His eyesight was sharp, his brain quick, and on those spooky days he would rise at eight thirty and fly the couple dozen yards from his nest to the church bell tower. Perched on the tower, he waited 29 and three quarter minutes to begin his flight back across the church lawn to the nest. And every half hour until sundown, he flew back and forth between the bell tower and nest, pairing each flight with a string of caws, diverging from his straight path only to occasionally scoop up hovering insects. When perched on the tree, he could see the clock on the bell tower. When perched on the tower, he could hear the hourly chime. Thus, his flights were never late. He was a punctual crow.

On overcast Sundays, he saw her, a young woman with red hair, as she walked into the church for the eleven o’clock mass. She was always right on time, right on the hour, so she would catch him for his eleven o’clock flight. She would look up at him lovingly, a look he was not familiar with. No one looks at crows, let alone looks at them lovingly.

He felt important and handsome when she looked at him, so on overcast Sundays he would spread his wings wider and caw a bit louder and look down at her in return. He thought he loved her, so he started to come out more frequently—not just on overcast days, but on sunny days too—with the hope that she’d be there and look at him.

Every Sunday for four years she saw him and he saw her. Just a simple shared glance, but it was enough for the crow.

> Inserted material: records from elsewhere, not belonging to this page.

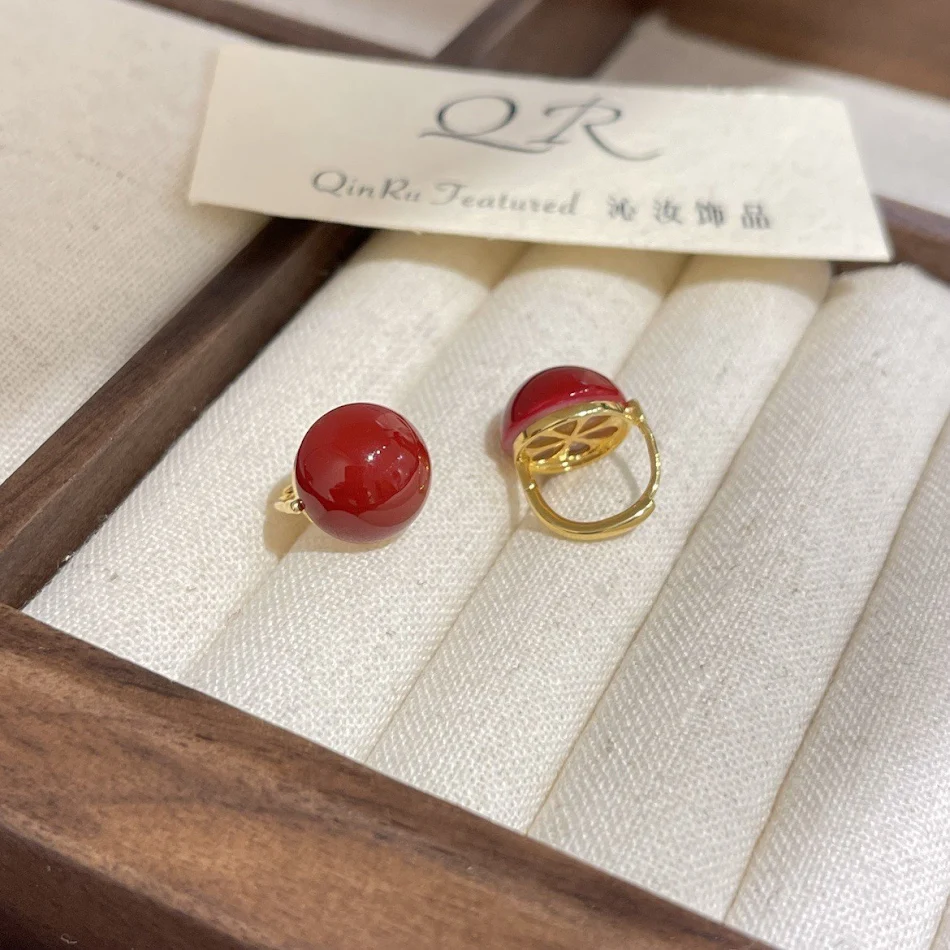 Boucles d'oreilles clip perle ronde douce simples et compactes, pour un look élégant et discret. Confort et style au quotidien.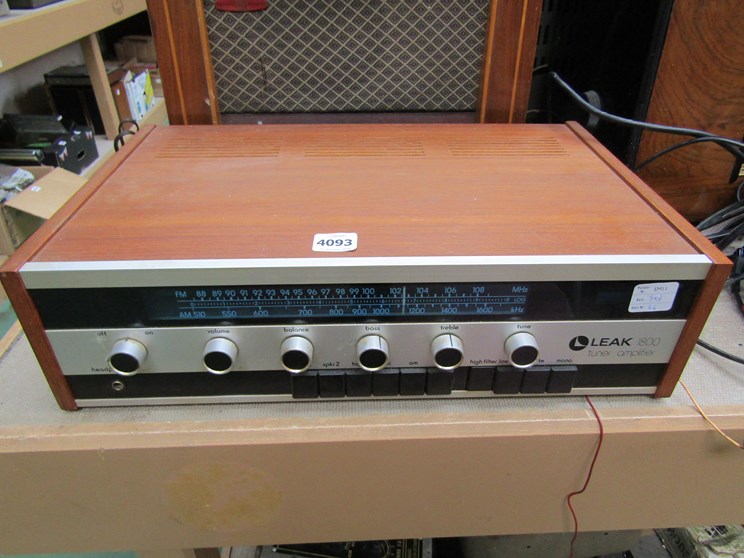 A Leak 1800 tuner amplifier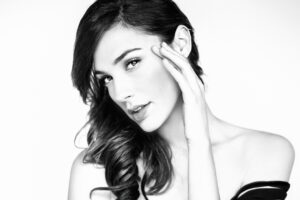 gal gadot 4k monochrome 1536859085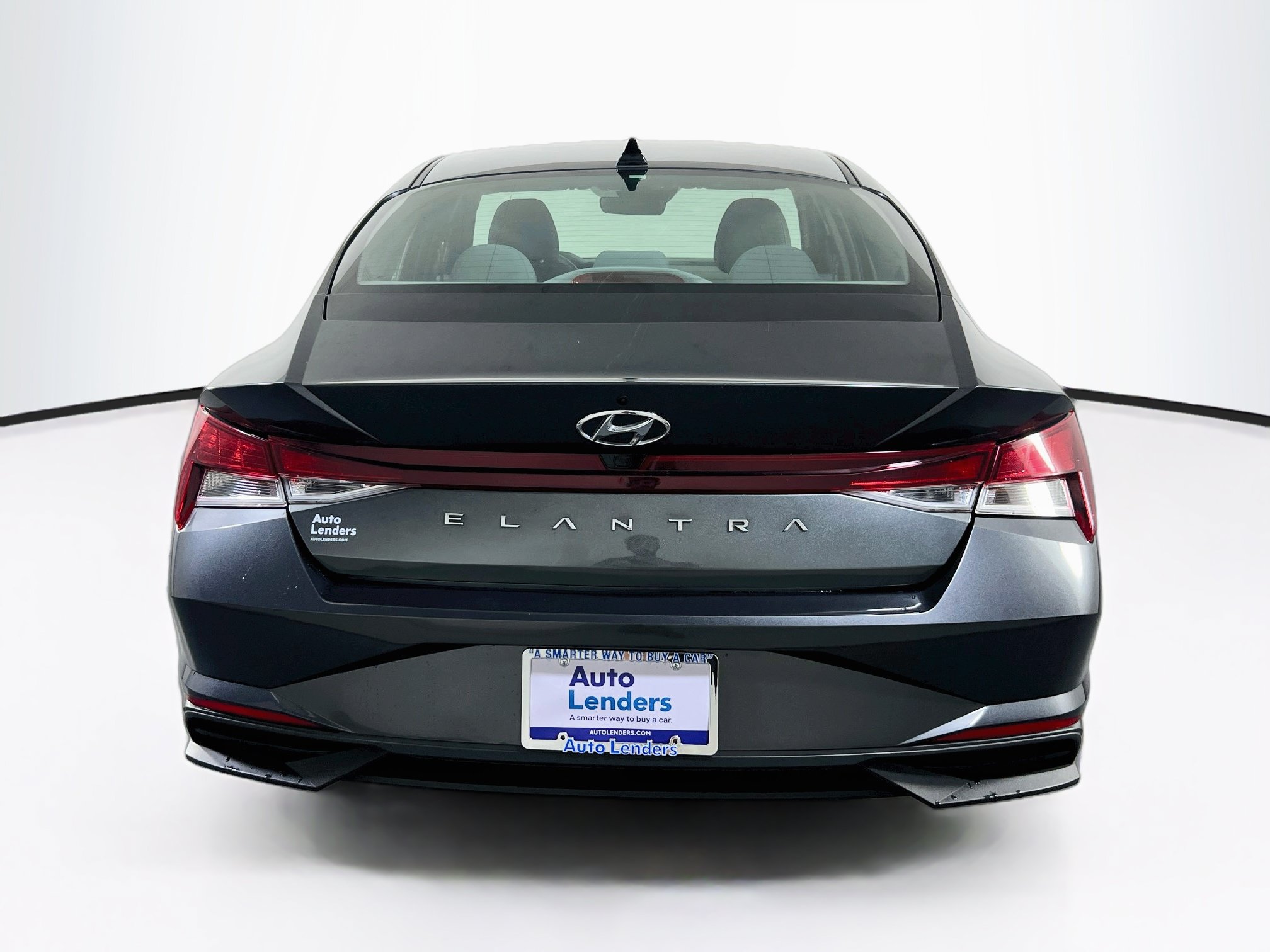 Used 2023 Hyundai Elantra SEL w/ Convenience Package FWD image 6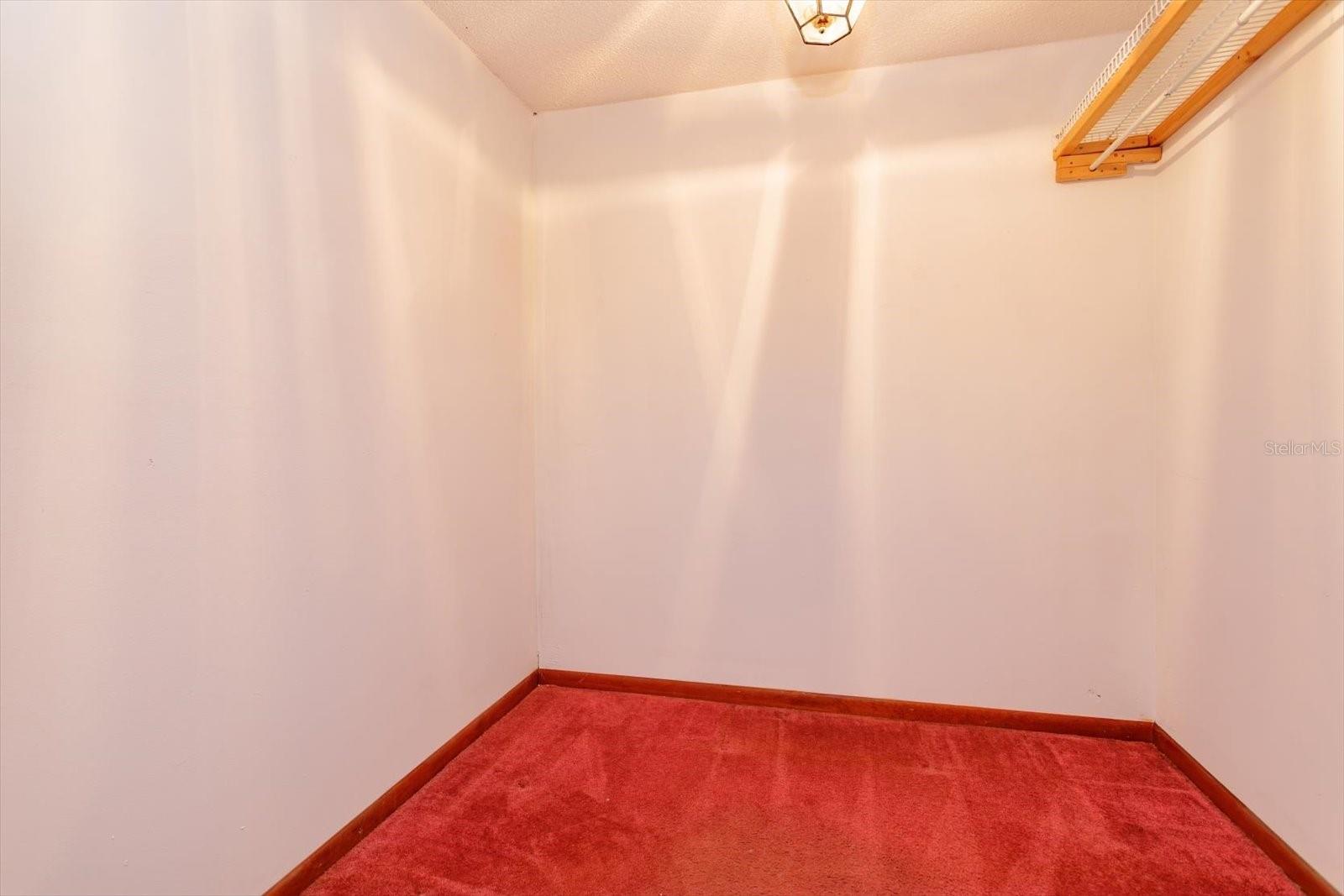 Image 22 of 36 For 312 Kimberly Court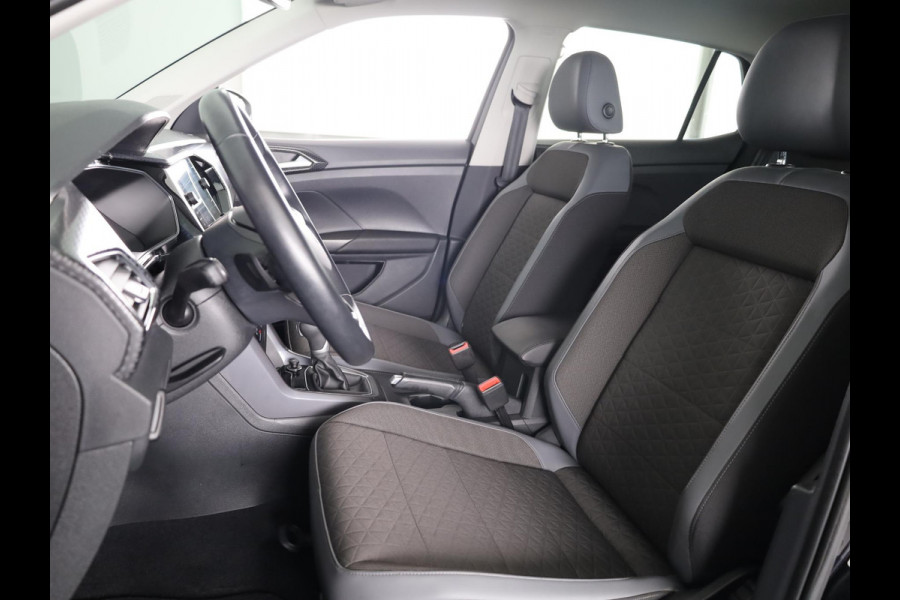 Volkswagen T-Cross 1.5 TSI Style 150 pk Automaat (DSG) | Navigatie | Parkeersensoren | Achteruitrijcamera | Apple Carplay/Android Auto | Stoelverwarming |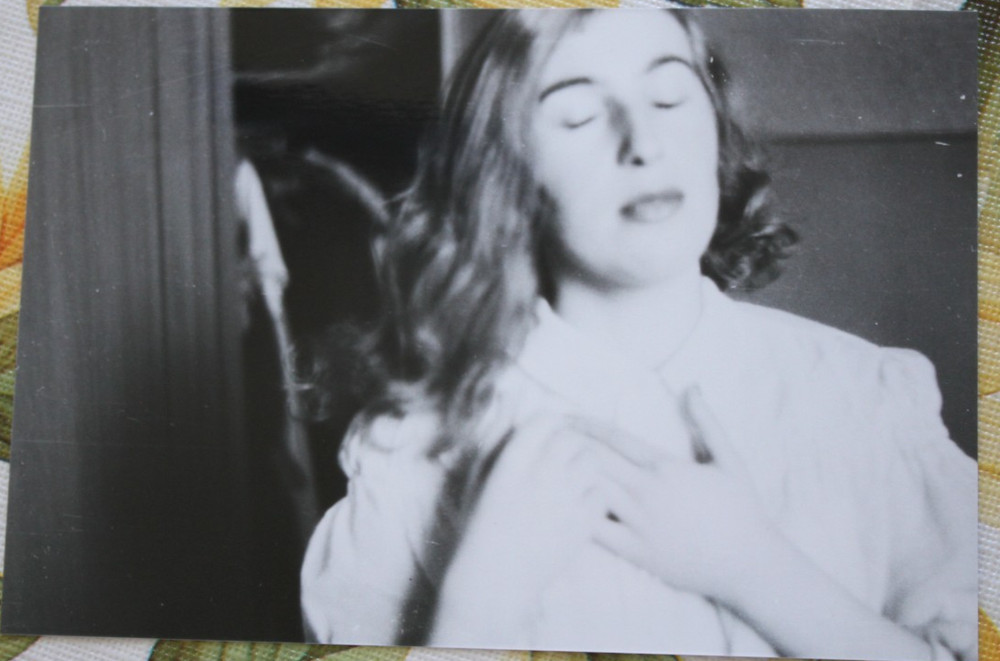Photo 1964 woman girl model art bra vintage 3 woman reprint IK
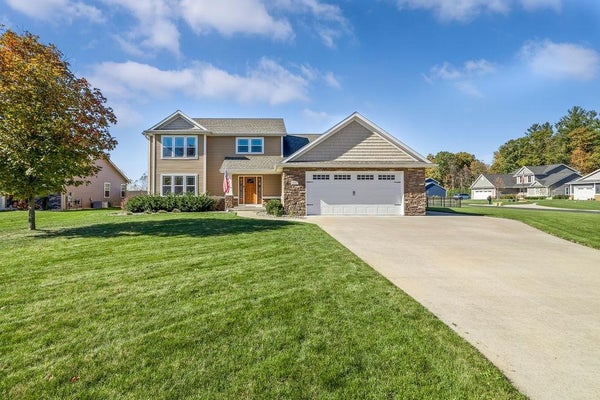 4605 E LAKECRESS DR, SAGINAW, MI 48603 - Image aa3feec8e3e5b5170568681cb302e63e/3056158652
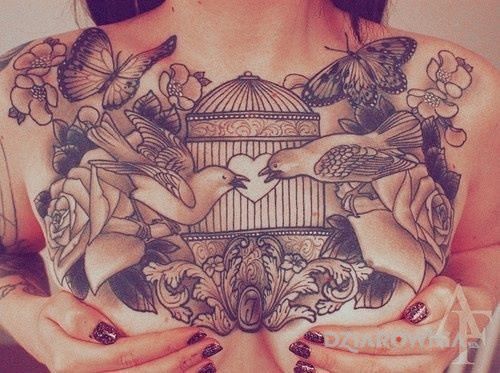 Tatuaż ptaszki i motylki - motyle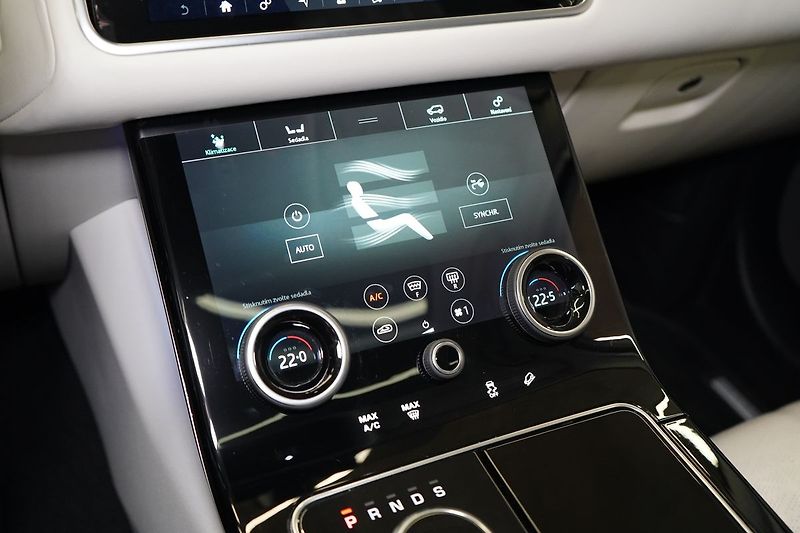 Land Rover Range Rover Velar R-Dynamic HSE, Masáž, Vzduch - fotka 27 z 46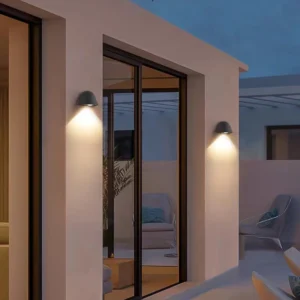 كشاف بوابة خارجي أسود - ضوء أصفر 5 واط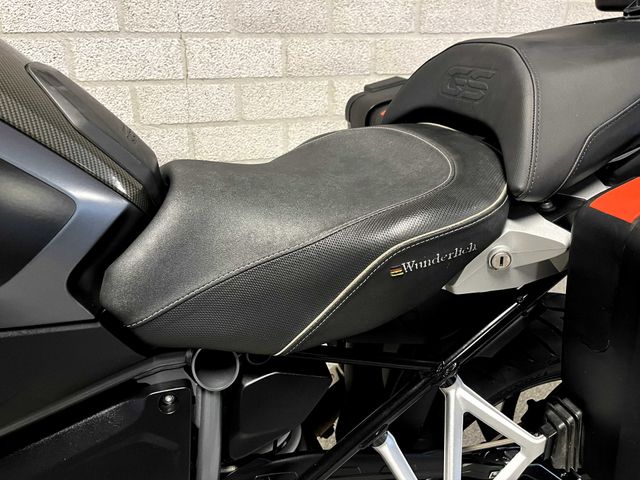 bmw - r-1250-gs-triple-black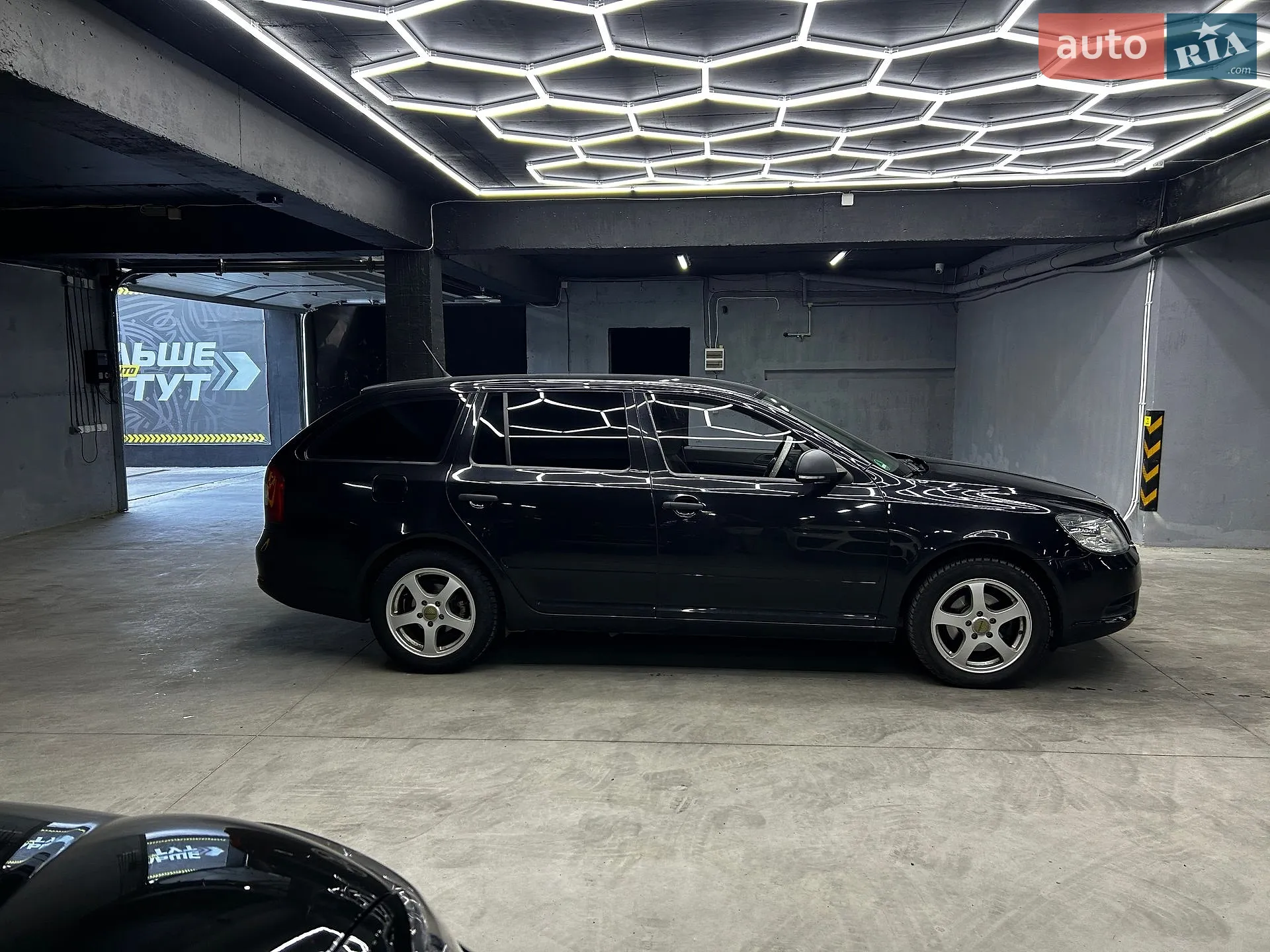 2011 Skoda Octavia - мініатюра 9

One Sunday in late May, he did not see her during his flight. It was five past eleven, and still nothing. No sign of the red haired young woman. At ten past, he became very anxious, so he did something he hadn’t done since he was a fledgling: he alighted on the ground. Because it was May and so very lovely outside, the church door was ajar. He crept inside to look for her. He walked up and down the aisles, glancing at every pew, sharing blank looks with churchgoers. His black beady eyes met with empty white eyes devoid of love or any feeling at all.

He flew up to the loft and perched on the organ, staring at the organist. The organist blinked twice, cowered, and played his fugue. The choir didn’t even see the crow.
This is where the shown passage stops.